§ Dataset items:
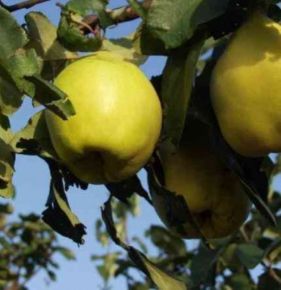 Bereczki bőtermő birs CYDONIA OBLONGA BERECZKI BŐTERMŐ SZGY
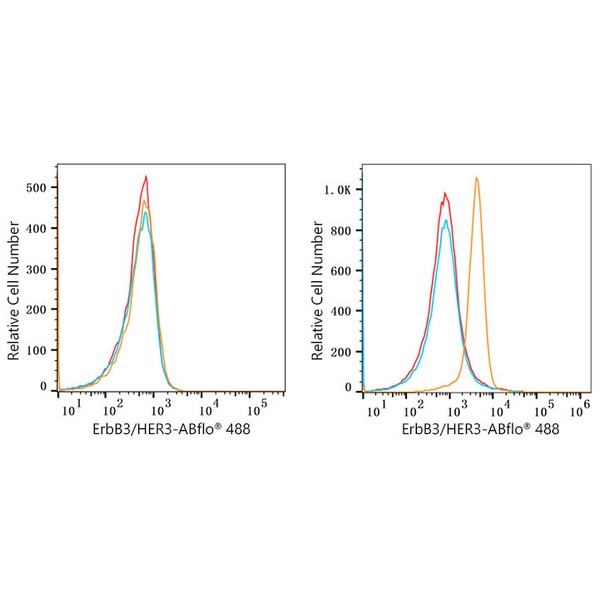 ABflo® 488 Rabbit anti-Human ErbB3/HER3 mAb (A22506) ABflo® 488 Rabbit anti-Human ErbB3/HER3 mAb (A22506)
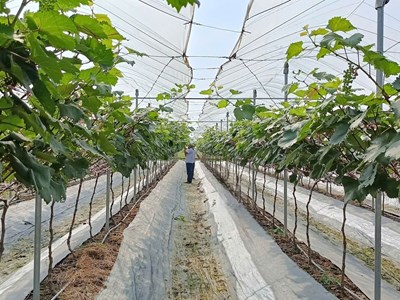 Đoàn kết giúp nhau làm giàu và giảm nghèo bền vững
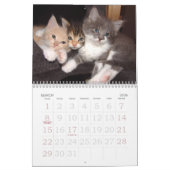 Kitten Foto Wall Calendar 2026 Kalender (Mär 2026)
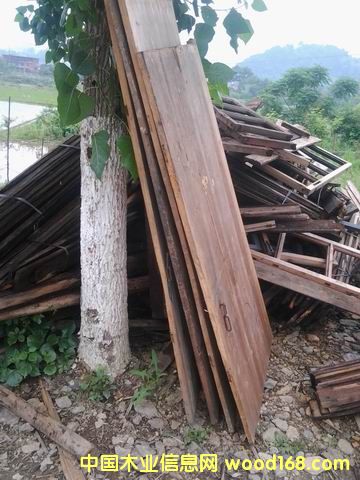 �fɼľ�T���Ԕ��(x��)��B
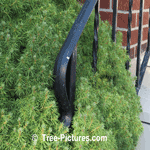Spruce Tree: Alberta Drawf Species Type of Spruce Trees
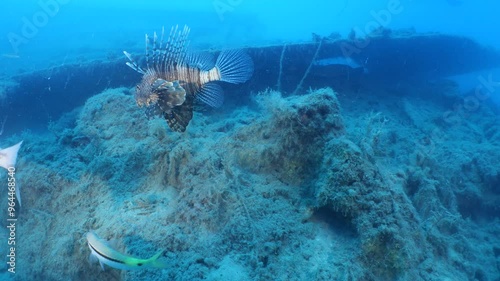 lionfish underwater mediterranean sea invasive specie in cave underwater ocean scenery photo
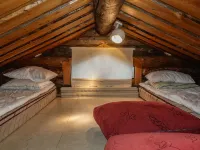 Hopukka a2 - Pet friendly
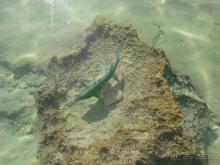 Неделя с 7-го по 14 января  - святки вдали от России.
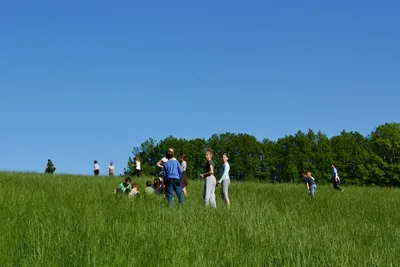 dsc-5695.jpg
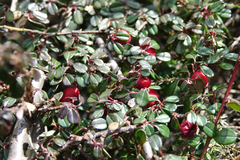 Cotoneaster microphyllus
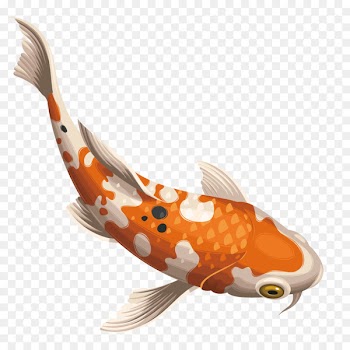 Koi Carassius auratus Fish - Beautiful spot fish 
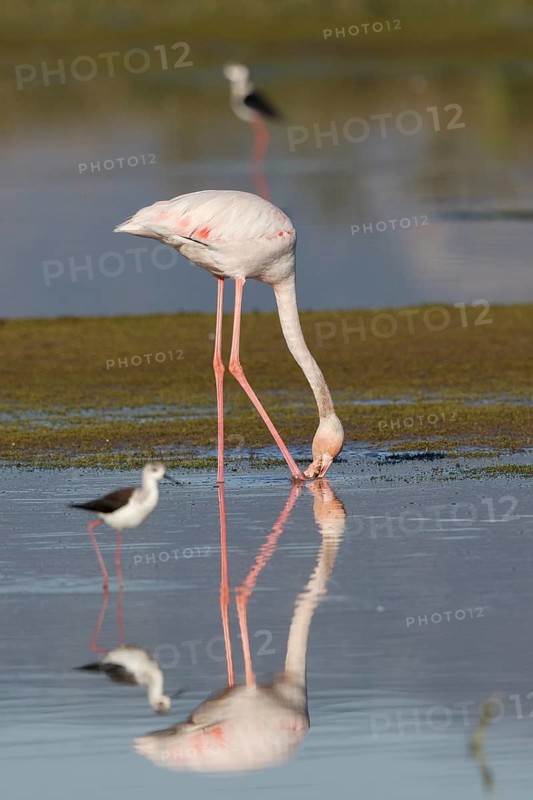 Greater Flamingo (Phoenicopterus roseus) foraging in shallow water, Greece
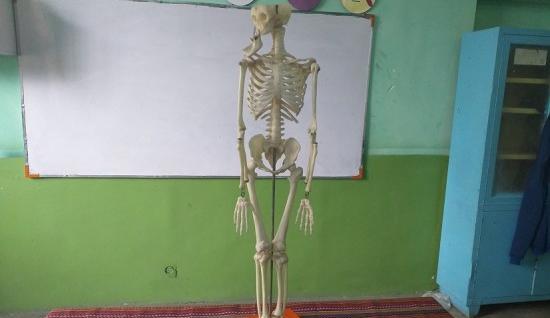 عکس اسکلت علوم کلاس پنجم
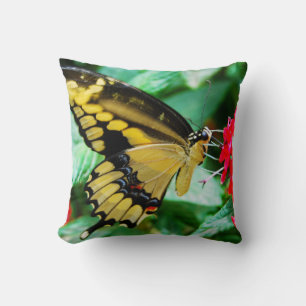 Yellow black swallowtail butterfly photo simple cushion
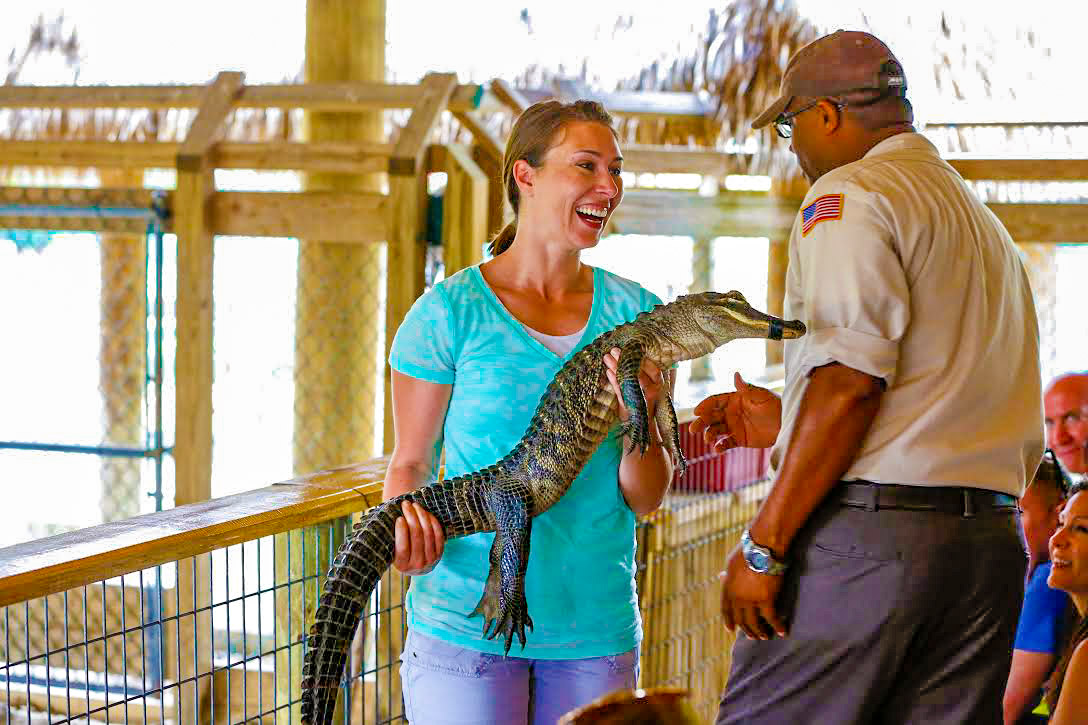 evglades-tours-alligator-show.jpg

§ TASK BRIEF:
Without the pictures, write out every line above exactly as it appears.

§ OUTPUT FOR THIS EXERCISE:
 Bereczki bőtermő birs CYDONIA OBLONGA BERECZKI BŐTERMŐ SZGY
 ABflo® 488 Rabbit anti-Human ErbB3/HER3 mAb (A22506) ABflo® 488 Rabbit anti-Human ErbB3/HER3 mAb (A22506)
 Đoàn kết giúp nhau làm giàu và giảm nghèo bền vững
 Kitten Foto Wall Calendar 2026 Kalender (Mär 2026)
 �fɼľ�T���Ԕ��(x��)��B
Spruce Tree: Alberta Drawf Species Type of Spruce Trees
 lionfish underwater mediterranean sea invasive specie in cave underwater ocean scenery photo
 Hopukka a2 - Pet friendly
 Неделя с 7-го по 14 января  - святки вдали от России.
 dsc-5695.jpg
 Cotoneaster microphyllus
 Koi Carassius auratus Fish - Beautiful spot fish 
 Greater Flamingo (Phoenicopterus roseus) foraging in shallow water, Greece
 عکس اسکلت علوم کلاس پنجم
 Yellow black swallowtail butterfly photo simple cushion
 evglades-tours-alligator-show.jpg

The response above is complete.